Paper No. 5
Presentation Time: 2:55 PM
RECURRENCE AND FLOW DIRECTION OF THE CORDILLERAN ICE SHEET (CIS) ACROSS THE KAWDY PLATEAU, NORTHERN BRITISH COLUMBIA
While extensive research has constrained the timing of advances and retreats of the North American ice sheet, less is known about the development and fluctuations of the Cordilleran ice sheet (CIS). The Kawdy Plateau (KP), located in the Dease Lake area of northern British Columbia, is an ideal place to constrain the timing and minimum thickness of the CIS. Evidence for glaciation on the plateau includes six identified glaciovolcanic features (Kawdy Mountain, Tutsingale Mountain, Nuthinaw Mountain, Meehaz Mountain, Tanker tuya, Horseshoe tuya) as well as one very distinct cirque and an extensive field of glacial scours striking between 21-92° across the plateau floor and the tops of at least two of the tuyas. These scours, which appear to cluster into at least three separate groups with unique orientations, may indicate the presence of up to three separate glaciers flowing in slightly different directions over the KP, separated by enough time to allow the previous glacier to melt entirely and expose the plateau floor to continued erosion. Cross-cutting relationships and quality of preservation indicate that the group striking between 88-92° across the plateau and tuyas is the oldest, the group striking 21-59° is younger than that, and a group striking 60-88° is the youngest. Drumlinoid features on the plateau floor and on top of Horseshoe Tuya indicate that despite ~70 degrees in variation of orientation direction of scours across the entire area, the ice sheets acting in this area always flowed in an east-to-west or northeast-to-southwest direction.
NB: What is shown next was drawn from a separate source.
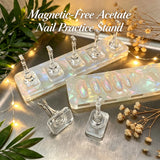 Iridescent Acetate Nail Practice Stand Non-Magnetic Clear Nail Tip Holders for Manicure Swatch & Press On Nails Making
The observation of these different groups, as well as alpine glacial features like the cirque on Horseshoe Tuya, is most consistent with the hypothesis that the CIS did fluctuate extensively in size during the Pleistocene, between periods of thick, low-elevation ice cover and periods of more sparse, high-elevation cover or even complete absence of ice. Evidence for multi-stage continental glaciation has important implications for the reconstruction of the history of the CIS, as well as for the paleoclimate factors that controlled its development.